Each hex in each fabric corresponds to a model covariate, in addition to five indicator covariates for each of the five shot types. The purpose, of course, of making such fabrics is to account for how the goal likelihood of a given shot depends on where the shot is taken. For wraparounds, I found that shot locations clustered very tightly in the two obvious locations (near the goalposts) and that the spatial variation in goal likelihood was extremely small. Thus, I chose to use a simple indicator for wraparounds, without encoding additional geometric detail for those shots.

I especially appreciate Michael Schuckers, who brought the importance of attacking geometric variation separately by shot type to my attention.

For shots recorded as originating below the goal line, I use a single indicator variable; similarly a "neutral zone" indicator for shots originating from behind the blue line. Thus every shot is broken down first by broad location (below goal line, in-zone, or out of zone) and then the in-zone shots are broken down by type, and finally shots of the four main types are tagged with a specific hex in the associated fabric.

Fitting

This section is quite technical and explains the mathematical intricacies of how I fit the above model with NHL data to obtain covariate estimates. If you like you can skip to the results section below. If you read the above section with impatience, you should skip forward; if you read about all those more-than-a-thousand-different hex coordinates and thought "Micah you poor sap this is gonna be overfit to hell and back" you should read this section first.

The observation vector \(Y\) is 1 for goals and 0 for saves or misses. The model itself is the a generalized linear one: $$ Y \sim l\left(X\beta\right) $$ where \(\beta\) is the vector of covariate values and \(X\) is the design matrix described above, and \(l\) is the logistic function $$ x \mapsto l(x) = \frac{1}{1 + \exp(-x)}$$ (extended here to vectors pointwise) after which the regression is named.

Logistic regression coefficient values (the entries of \(\beta\) which we are trying to find) can be difficult to interpret, but negative values always mean "less likely to become a goal" and positive values mean "more likely to become a goal". To compute the goal probability of a shot with a given description (encoded by a particular row \(X_i\) of \(X\); form the sum \(X_i\beta\) of the model covariates to obtain a number, and then apply the logistic function to it to obtain the goal probability.

The logistic function is very convenient for modelling probabilities, since it monotonically takes the midpoint of the number line (that is, zero) to 50% while taking large negative numbers to positive numbers close to zero and very large positive numbers to positive numbers close to one.

The model is fit by maximizing the likelihood of the model, that is, for a given model, form the product of the predicted probabilities for all of the events that did happen (90% chance of a save here times 15% of that goal there, etc.).
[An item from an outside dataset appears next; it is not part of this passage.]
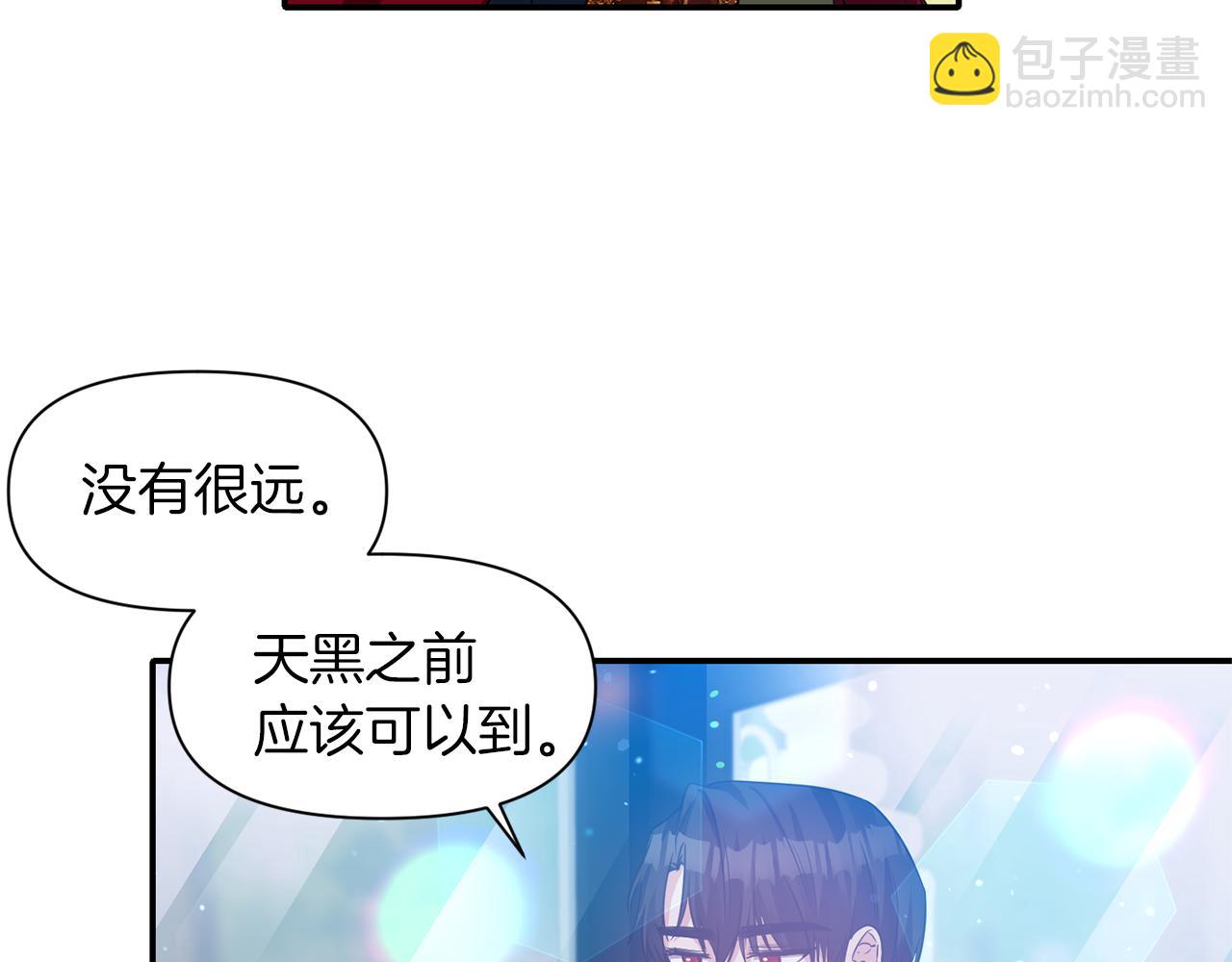 第43话 遇到危险4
This product, with one factor for every shot in the data at hand, is called the likelihood, \(L\). Large products are awkward, so instead of maximising \(L\) directly we instead solve the equivalent problem of maximizing the logarithm of the likelihood, denoted by \(\mathcal L\).
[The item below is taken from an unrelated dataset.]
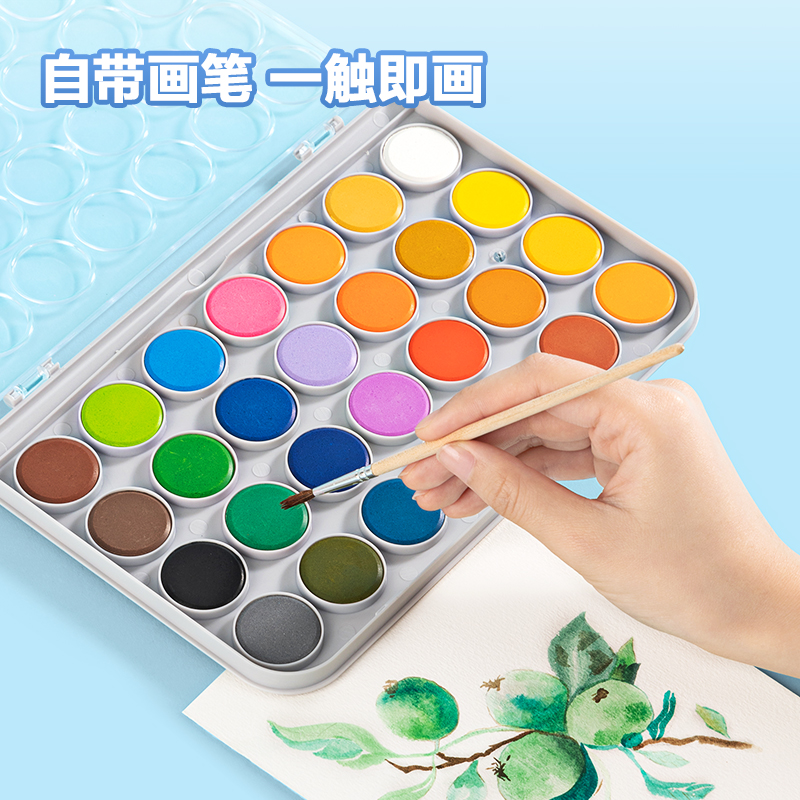 纵横HS112-28固体水彩颜料(混)(28色/盒)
Before we compute the covariate values \(\beta\) which minimize the log-likelihood \(\mathcal L\), we bias the results with two so-called ridge penalty terms. These penalty encode our prior knowledge about the terms of the model before we consider the data at hand. The first ridge penalty encodes "static" information (things that we know about hockey generally) and the second one encodes "dynamic" prior information, that is, things learned about the covariates from previous years. By fitting the model with penalties, we obtain estimates which represent a compromise between the data at hand and our pre-existing understanding of what the covariates in the model mean.

Static penalties

The static penalties are encoded as a matrix \(K\) and a term of the form \(\beta^TK\beta\) is subtracted from the overall model likelihood. The entries of \(K\) correspond to pairs of covariates, and we have at our disposal two different types of penalties. We can use diagonal entries \((i,i)\) of \(K\) to penalize large a large covariate value in the \(i\)-th entry, and we can use so-called "fusion" penalties to penalize differences between two specified covariates. In our case we use a diagonal penalty of 100 for each goalie and shooter term, a diagonal penalty of 0.1 for each fabric hex, and a fusion penalty of 5 between each two adjacent hexes. The other terms (the strength indicators, the leading/trailing/rush/rebound indicators, the neutral zone/below goal line/shot type indicators) are unpenalized, so at these terms the model behaves like one fit with ordinary least squares.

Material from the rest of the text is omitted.